= Ned Sherman =

American mayor (1807–1907)

Edward Sherman (c. 1807–1907) was the first African American to serve as a mayor in New York State and one of the first African Americans to hold an elected office in the state. He served as president of the village board of Cleveland, New York, in 1878.

== Biography ==
Sherman was born on June 9, 1807, in Saratoga, New York. He moved to Herkimer, New York, at the age of 21, and eventually settled permanently in Cleveland in 1851. As a younger man, he drove an Erie Canal packet boat, and in Cleveland he worked as a barber.

At a Cleveland village board meeting on April 29, 1878, board president Albert A. Yale nominated a Catholic for the office of cemetery sexton. Yale had underestimated his community's anti-Catholic and anti-immigrant attitudes.
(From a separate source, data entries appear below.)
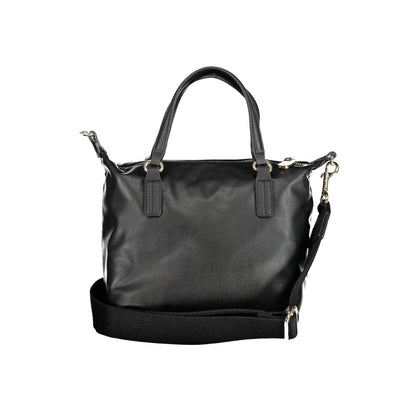 Tommy Hilfiger Black Polyester Handbag with zip closure, internal pocket, adjustable and removable shoulder strap, two handles.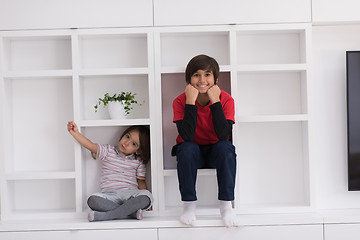 Image showing young boys posing on a shelf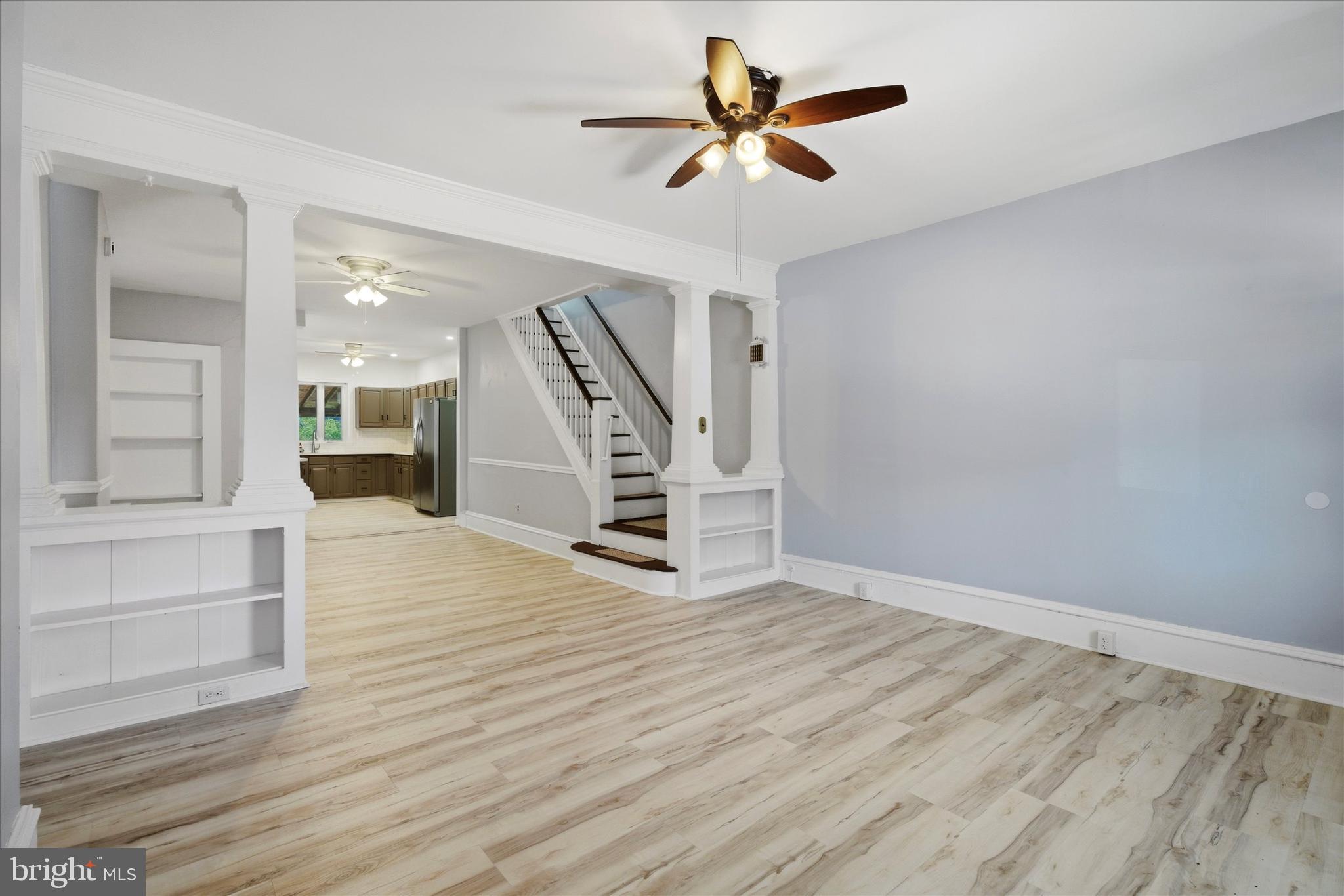 106 West 5th Street Bridgeport, PA 19405 - Photo 5 of 26 a view of an empty room with stairs and a ceiling fan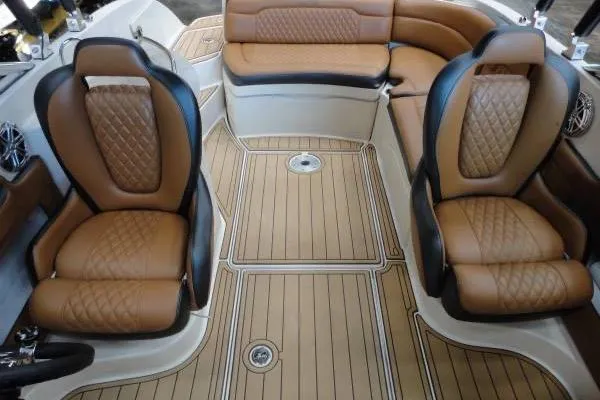 Slide: The Image of Luxurious interior of a 2007 Sea Ray 260 Sundeck with tan leather seating. - 9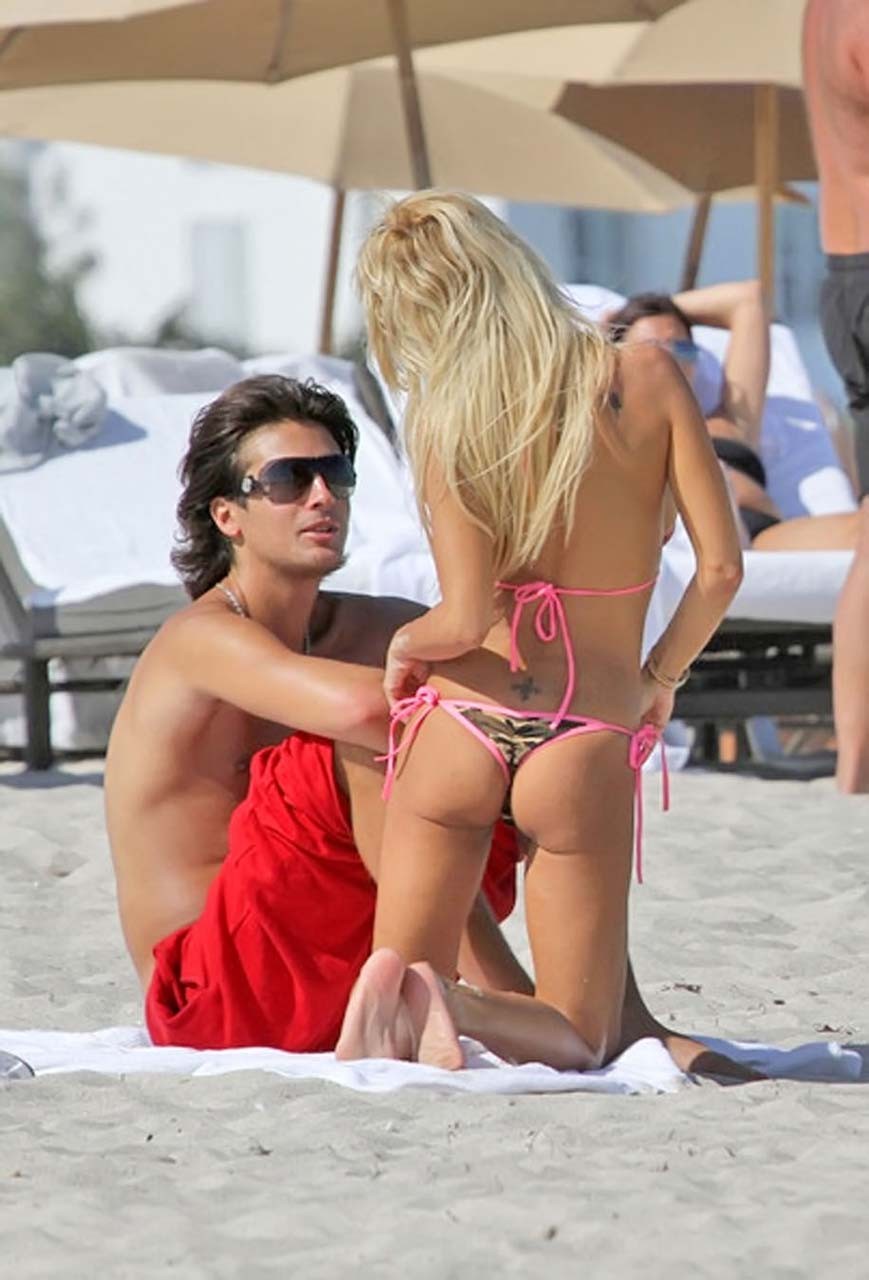 Shauna Sand showing her great ass in thong bikini on beach paparazzi pictures #75316203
Villagers were outraged, and Yale's motion failed by a 4–1 vote despite the trustees, president, and prospective sexton all being members of the same party. Yale resigned, and the trustees called a special election that took place on May 13. Sherman ran against two white candidates for the presidency and won by a margin of twenty votes (no exact tally has been located). “I am a Republican by color, a Democrat by affinity, a Greenbacker by conviction, and was elected on a Know-nothing ticket," he told the Lakeside Press in May 1878. The newspapers mocked his election as a "matter of burlesque" resulting from "a moment of pique" against the outgoing president, but Sherman served out his one-year term with reputed dignity and practicality before retiring from public office and campaigning for Yale's reelection as president.

In 1883, Sherman ran for an open seat on the village board but garnered only 21% of the vote, receiving eight out of the thirty-eight ballots casts.

== Personal life ==
Circa 1851, Sherman married a Black woman and Oswego County native named Elizabeth. The couple had four daughters and one son. After Elizabeth died, Sherman married Harriet Wilson. He died in 1907, claiming to be one hundred years old.